For my tenth birthday I was given a 120 mm Diana. Its  smell of celluloid is still with me, just like the feeling of  the “red” hours spent in the darkroom, where negatives  turn positive through the combined action of liquids,  darkness, and faint light. The day that magical world was  opened before me, a fascination was born in me that has  never left me.

For five long years I studied at the School of Architecture,  knowing that I would never practice this noble profession,  and when they ended, I was given a diploma written in  gothic-style letters that satisfied and, above all, reassured  my family. What I wanted was to paint, photograph, write,  and play music, though without neglecting to study the  theories of the great architects, including the Catalan  modernists, which I was able to examine with particular  interest at the Cátedra Gaudí documentation center in Barcelona.

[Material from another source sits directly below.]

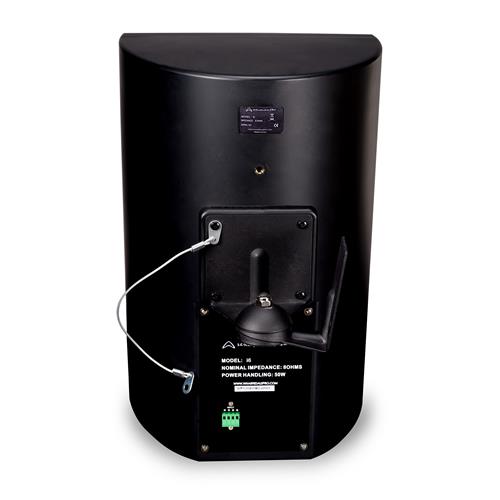 i6 NEGRAS PAREJA ALTAVOCES WHARFEDALE PRO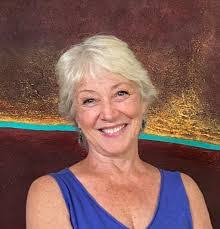 Karen Melcher's Instagram, Twitter & Facebook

By working at it each day, I was able to build up a personal  photographic vocabulary, a way of proceeding that gave a  valid response to all the themes that interested me at the  time. I came to realize that a fraction is also a whole, that  each part is also an inexhaustible universe that contains  a vast amount of information. And that this is also true  of all the arts. A portrait can therefore be considered  a unique record of an identity, but also as the sum of  many other elements. Like an image that also has to be  broken into segments, sewn up, or folded without losing  its essence. Folding and unfolding, opening and closing,  gluing and tearing, removing and adding . . . The quest for  the substance underlying the skin of things and beings.

"if you go beneath my surface, you’ll find me waiting for  you,” a voice seems to suggest.